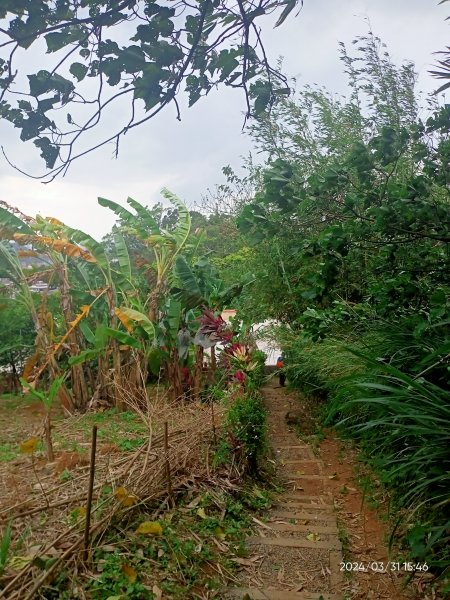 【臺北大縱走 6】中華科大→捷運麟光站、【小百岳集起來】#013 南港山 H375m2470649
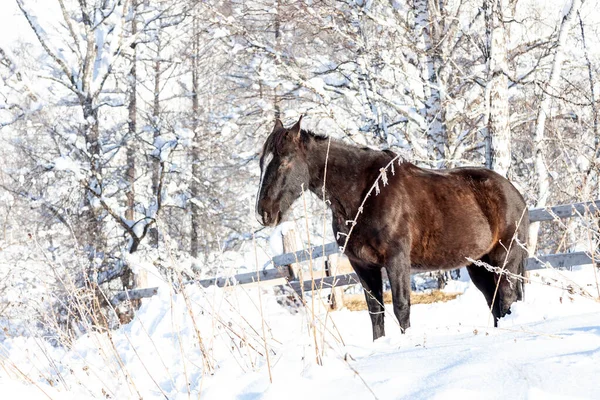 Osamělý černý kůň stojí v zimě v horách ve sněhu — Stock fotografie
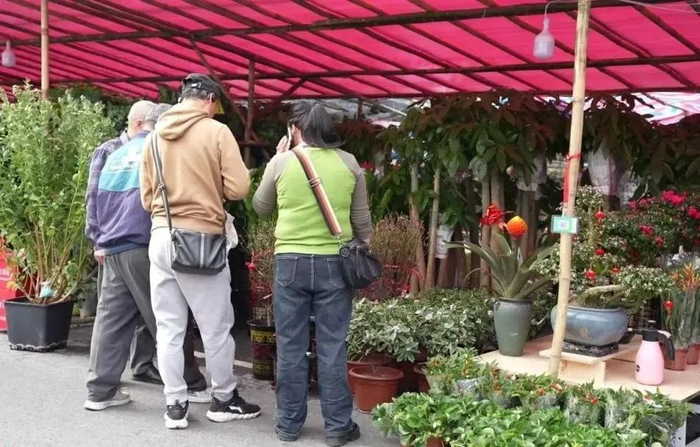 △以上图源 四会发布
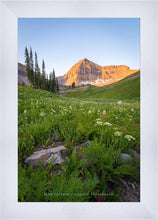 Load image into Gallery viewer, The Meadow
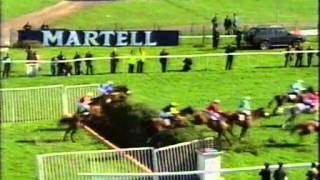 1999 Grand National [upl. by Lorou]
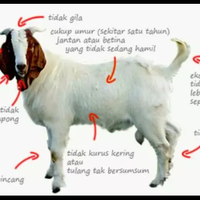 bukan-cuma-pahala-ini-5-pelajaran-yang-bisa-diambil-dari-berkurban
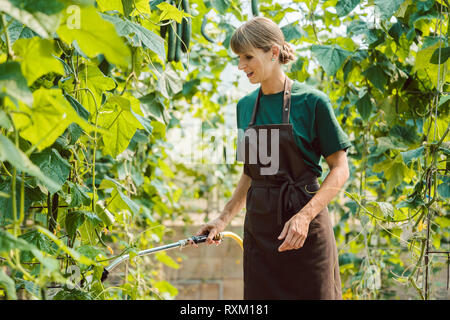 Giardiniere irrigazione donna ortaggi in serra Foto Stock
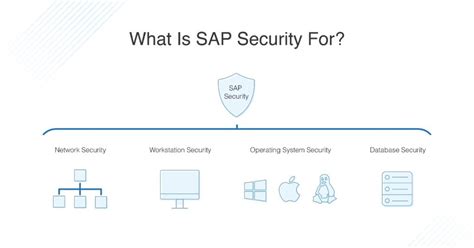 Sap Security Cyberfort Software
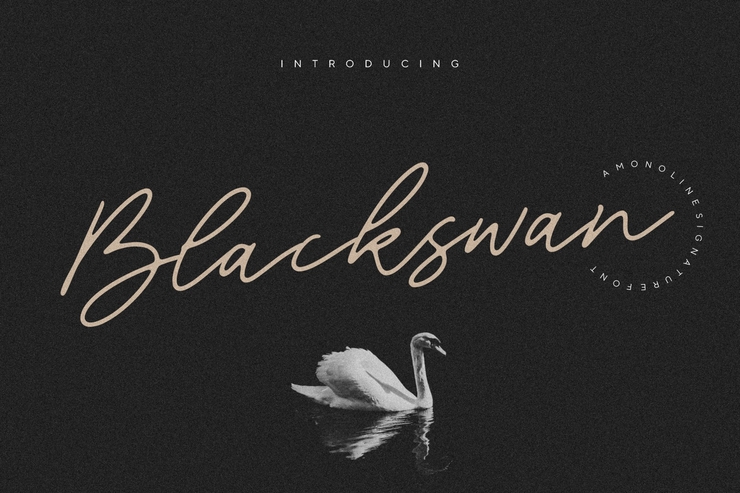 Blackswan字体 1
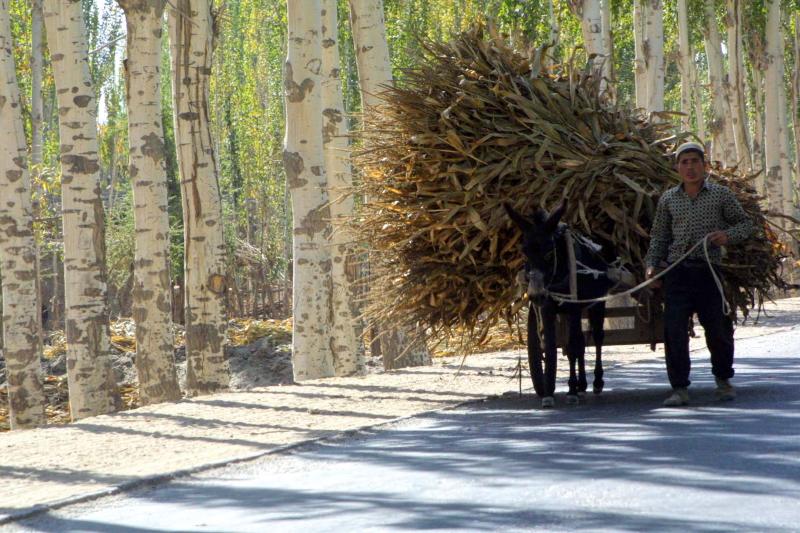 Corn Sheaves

......

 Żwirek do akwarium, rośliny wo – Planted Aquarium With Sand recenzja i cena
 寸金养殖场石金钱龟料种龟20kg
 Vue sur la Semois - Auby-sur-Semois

......

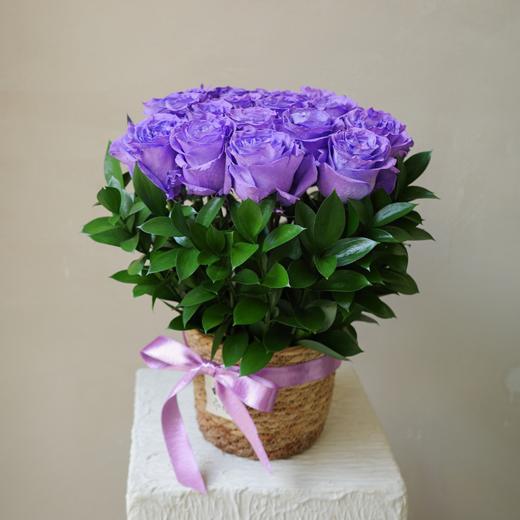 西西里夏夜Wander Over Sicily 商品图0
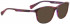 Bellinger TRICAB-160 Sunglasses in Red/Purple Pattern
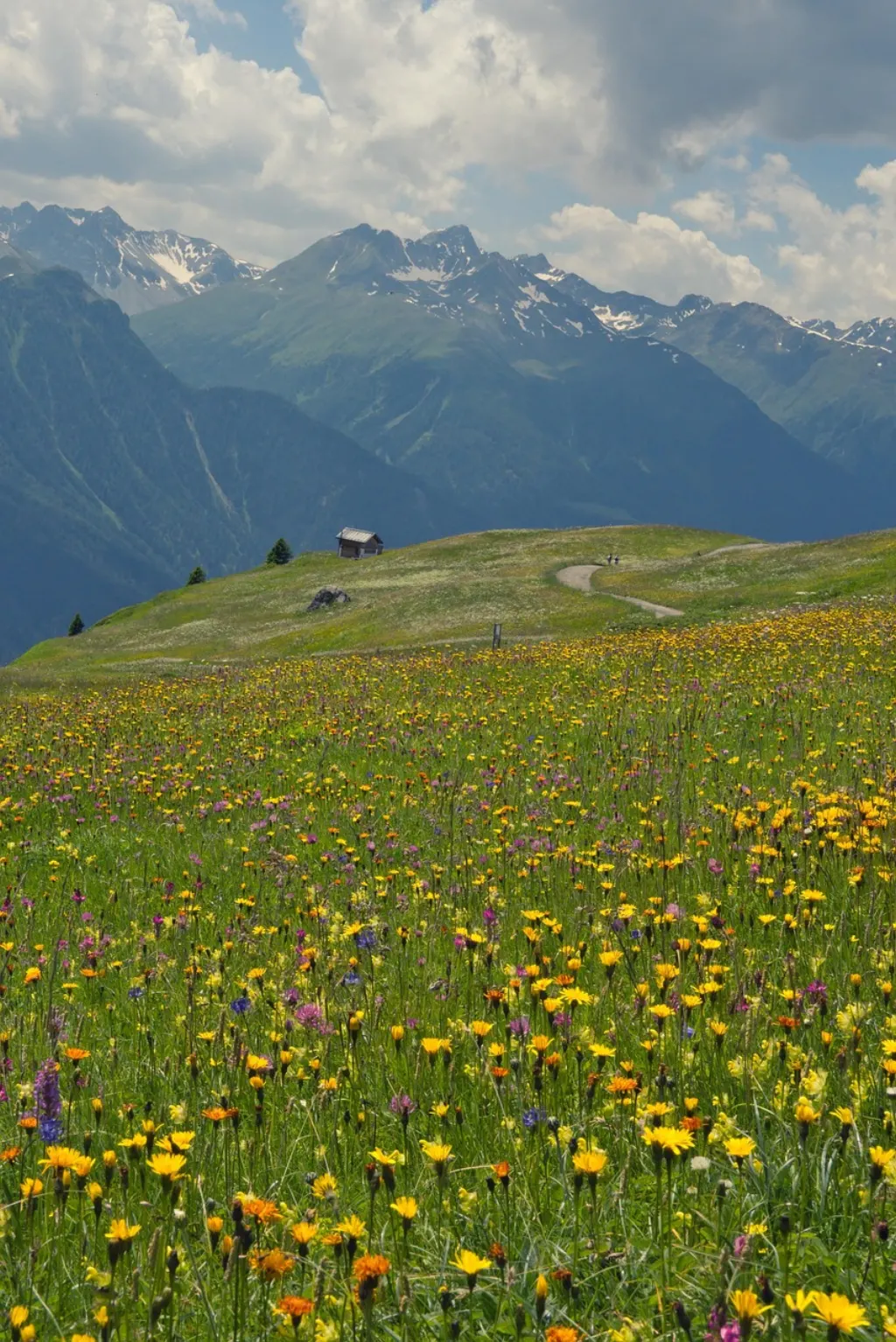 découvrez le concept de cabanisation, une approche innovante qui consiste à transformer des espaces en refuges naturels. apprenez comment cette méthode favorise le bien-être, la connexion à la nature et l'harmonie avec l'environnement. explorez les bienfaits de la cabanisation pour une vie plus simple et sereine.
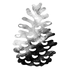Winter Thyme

......

Work order: Go to the line above holding "Giardiniere irrigazione donna", then copy exactly each line down to and including the one holding "Corn Sheaves", leaving pictures out.

Answer for the task:
 Giardiniere irrigazione donna ortaggi in serra Foto Stock
 Sap Security Cyberfort Software
 Blackswan字体 1
 Corn Sheaves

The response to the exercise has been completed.